Choropleth maps present a map of territories coloured in according to a variable. These can be countries, counties, districts or more detailed neighbourhood data. They are very useful to show how something newsworthy, such as poverty, crime or homelessness, varies around a city, country or the world.
Here is the full code:
library(tidyverse) library(rgeos) library(rgdal) library(maptools) setwd('YOUR_DIRECTORY') shp <- readOGR('Local_Authority_Districts_April_2019_Boundaries_UK_BUC.shp') shp <- fortify(shp, region = 'lad19cd') setwd('OTHER_DIRECTORY') live_births <- read_csv('parentscountryofbirth - Sheet1.csv') shp <- merge(shp, live_births, by.x = 'id', by.y = 'code', all.x = TRUE) shp <- arrange(shp, order) p <- ggplot(data = shp, aes(x = long, y = lat, group = group, fill = percentage)) + geom_polygon() + coord_equal() + theme_void() + ggtitle('Percentage of births where one of both parents were born outside the UK', subtitle = 'England and Wales, 2018') p
We’ll go through it step by step:
Step 1:
Load the two packages we need, in this order.

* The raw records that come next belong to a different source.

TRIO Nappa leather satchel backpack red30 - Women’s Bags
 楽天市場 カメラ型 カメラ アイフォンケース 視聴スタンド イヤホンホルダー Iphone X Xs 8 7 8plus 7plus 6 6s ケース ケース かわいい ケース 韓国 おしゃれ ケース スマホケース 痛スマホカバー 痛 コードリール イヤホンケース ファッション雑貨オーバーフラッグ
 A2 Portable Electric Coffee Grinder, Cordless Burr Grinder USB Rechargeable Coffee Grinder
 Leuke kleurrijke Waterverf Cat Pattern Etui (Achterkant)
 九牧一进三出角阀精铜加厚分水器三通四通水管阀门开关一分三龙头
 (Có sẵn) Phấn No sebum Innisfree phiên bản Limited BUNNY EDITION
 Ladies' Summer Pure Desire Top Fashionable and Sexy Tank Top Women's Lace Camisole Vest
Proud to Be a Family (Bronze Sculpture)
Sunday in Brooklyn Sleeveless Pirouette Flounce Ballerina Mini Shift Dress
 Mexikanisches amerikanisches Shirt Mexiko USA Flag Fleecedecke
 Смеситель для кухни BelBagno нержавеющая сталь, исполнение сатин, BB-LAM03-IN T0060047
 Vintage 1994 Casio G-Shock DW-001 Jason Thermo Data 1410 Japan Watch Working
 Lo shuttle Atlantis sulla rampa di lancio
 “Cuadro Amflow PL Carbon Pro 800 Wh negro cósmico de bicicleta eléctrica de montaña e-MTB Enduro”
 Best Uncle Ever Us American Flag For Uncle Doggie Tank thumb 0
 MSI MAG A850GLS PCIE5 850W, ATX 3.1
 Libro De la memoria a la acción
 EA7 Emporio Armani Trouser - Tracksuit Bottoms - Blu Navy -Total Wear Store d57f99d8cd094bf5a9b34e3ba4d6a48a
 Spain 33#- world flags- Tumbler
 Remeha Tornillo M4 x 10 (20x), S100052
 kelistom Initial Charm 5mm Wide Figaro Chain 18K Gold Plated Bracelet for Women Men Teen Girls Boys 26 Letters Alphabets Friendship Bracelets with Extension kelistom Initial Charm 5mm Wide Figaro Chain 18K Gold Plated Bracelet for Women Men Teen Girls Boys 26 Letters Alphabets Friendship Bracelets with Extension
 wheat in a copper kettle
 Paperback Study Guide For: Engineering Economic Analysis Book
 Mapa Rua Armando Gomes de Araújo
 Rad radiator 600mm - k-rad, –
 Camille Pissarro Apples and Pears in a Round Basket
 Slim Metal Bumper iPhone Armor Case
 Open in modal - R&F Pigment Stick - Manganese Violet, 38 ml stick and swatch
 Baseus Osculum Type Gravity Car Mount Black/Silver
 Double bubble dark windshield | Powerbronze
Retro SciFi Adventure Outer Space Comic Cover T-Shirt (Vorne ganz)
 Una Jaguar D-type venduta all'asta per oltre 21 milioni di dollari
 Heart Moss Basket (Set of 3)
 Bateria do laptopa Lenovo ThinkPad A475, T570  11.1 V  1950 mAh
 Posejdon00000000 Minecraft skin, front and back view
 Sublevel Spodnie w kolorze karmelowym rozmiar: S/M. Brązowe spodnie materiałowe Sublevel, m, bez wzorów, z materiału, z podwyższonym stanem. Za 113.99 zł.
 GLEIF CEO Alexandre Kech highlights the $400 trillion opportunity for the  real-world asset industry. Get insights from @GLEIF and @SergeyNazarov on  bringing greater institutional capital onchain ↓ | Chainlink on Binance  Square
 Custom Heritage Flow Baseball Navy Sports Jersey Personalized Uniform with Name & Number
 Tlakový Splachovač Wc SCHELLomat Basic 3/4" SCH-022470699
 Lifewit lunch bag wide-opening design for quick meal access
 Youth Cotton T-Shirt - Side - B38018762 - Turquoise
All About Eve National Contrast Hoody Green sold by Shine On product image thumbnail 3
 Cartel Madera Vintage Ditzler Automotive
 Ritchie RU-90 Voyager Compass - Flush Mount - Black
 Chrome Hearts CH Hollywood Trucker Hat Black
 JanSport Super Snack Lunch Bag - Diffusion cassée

#use install.packages to install if necessary library(tidyverse) library(rgeos) library(rgdal) library(maptools)
Step 2:
Next, we need the local authority boundaries that will form the outlines of our map. They are available from the Office for National Statistics (ONS) Geography Portal. I suggest using the ultra-generalised clipped boundaries for speed. If you use the more detailed ones you will be waiting a long time for R to draw your map. We’re using the most recent April 2019 boundaries.
Download the shapefile using the ‘Download’ button in the top-right corner of the page and put the folder in your working directory.
Step 3:
Next we are going to load the shapefile into the R environment. To do this you will need to set your working directory to the folder you downloaded from the ONS website.
We will then use the fortify() function to convert shp into a data frame.
setwd('YOUR_DIRECTORY') shp <- readOGR('Local_Authority_Districts_April_2019_Boundaries_UK_BUC.shp') shp <- fortify(shp, region = 'lad19cd')
Step 4:
Now that we have our data to draw our map, we need some data to form the variable to plot. For this example we’ll use the parents’ country of birth data from ONS. I’ve cleaned up the data on tab 7a and put it in a Google spreadsheet here.
The percentage is the percentage of live births where at least one parent was born outside the UK.
Download the Google spreadsheet as a CSV and put it in your working directory. I recommend you put it away from your shapefile folder.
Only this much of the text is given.